Unter einer Therapie mit Biologika und vor allem TNF-Blockern verbessert sich die Fatigue der Patienten – so die aktuelle Erkenntnis aus dem RABBIT-Register – signifikant häufiger als unter einer konventionellen DMARD-Therapie. Das Ergebnis wird den Autoren zufolge durch eine frühere Studie gestützt, in der gezeigt werden konnte, dass TNFα nicht nur anti-entzündliche Effekte aufweist, sondern auch ZNS-Prozesse beeinflusst.

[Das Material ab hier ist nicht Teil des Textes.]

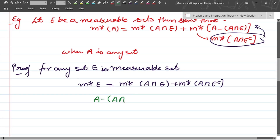Since A minus (A intersection E) is nothing but A intersection E^c.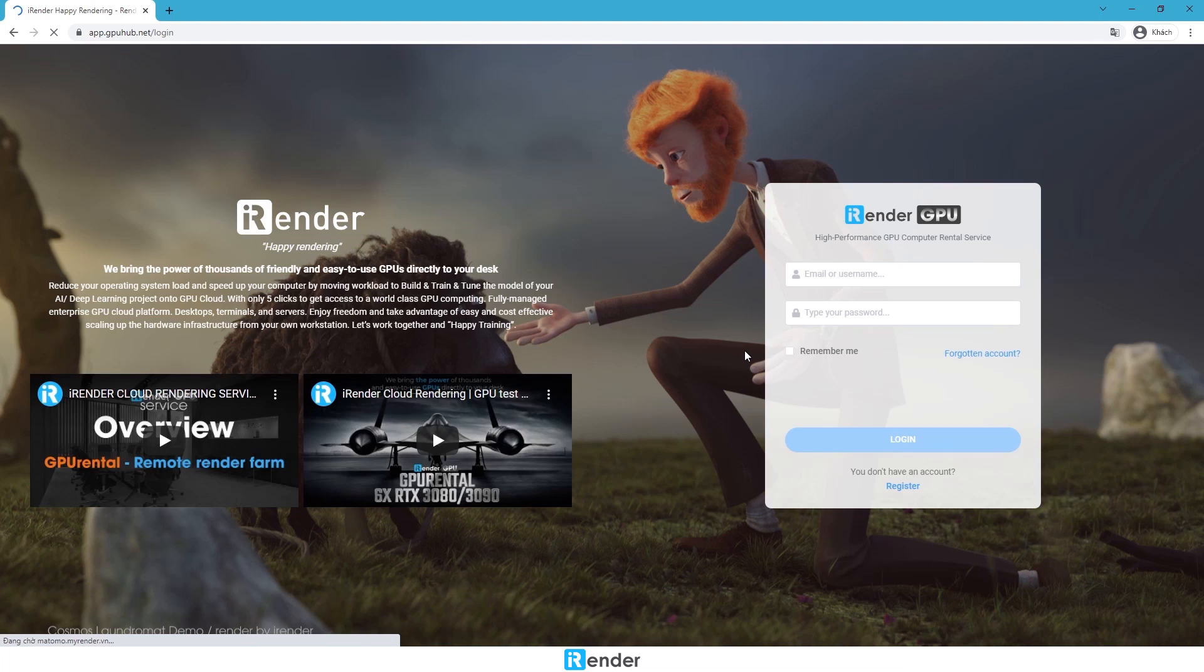Hello everyone, welcome back to iRender. Today we'll make a test for a Houdini project, render by Arnold Renderer. This project will be done on a 4 RTX 3090 server from iRender Cloud.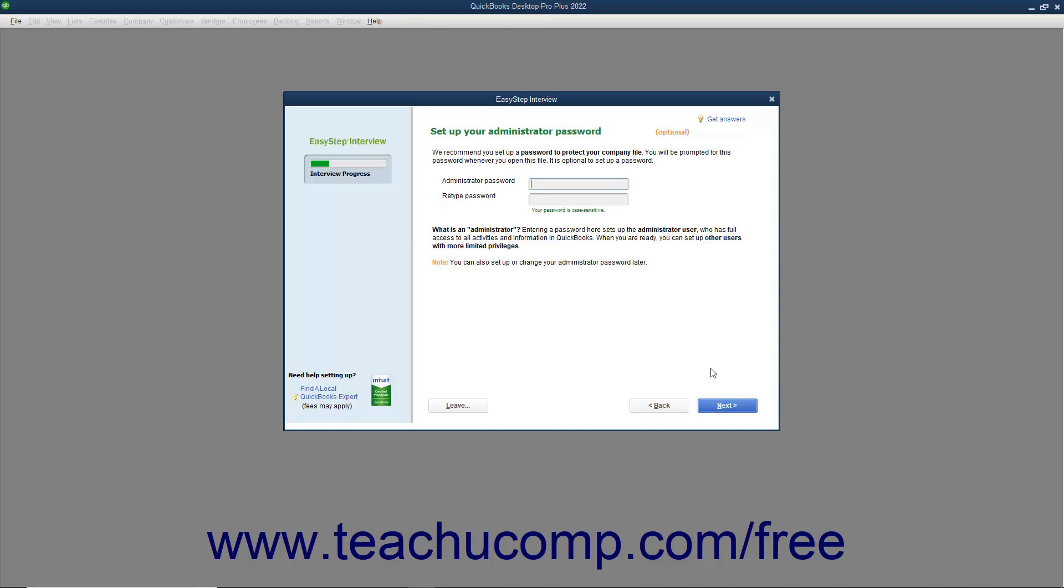An administrator password is required to restore a data file that contains sensitive data, like credit card numbers, social security numbers, or FEIN information. To create a password for the administrator account, enter it into both the administrator password and retype password fields.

Quelle: DGRh-Kongress 2012, Abstr./Poster RA.59
Kompakt
Die Untersuchung erfolgte anhand von Daten des deutschen Biologika-Registers RABBIT. Alle in die auf dem DGRh-Kongress in Bochum vorgestellte Analyse einbezogenen RA-Patienten hatten auf mindestens zwei DMARDs nicht ausreichend angesprochen und es mussten zudem 6-Monatsdaten zum Krankheitsverlauf vorliegen. Neben den TNF-Blockern Etanercept (n=1.249), Infliximab (n=516) und Adalimumab (n=1.389) wurden auch Daten zu Rituximab (n=840), Abatacept (n=182) und Tocilizumab (n=188) erfasst und mit 1.068 Patienten unter einer DMARD-Therapie verglichen.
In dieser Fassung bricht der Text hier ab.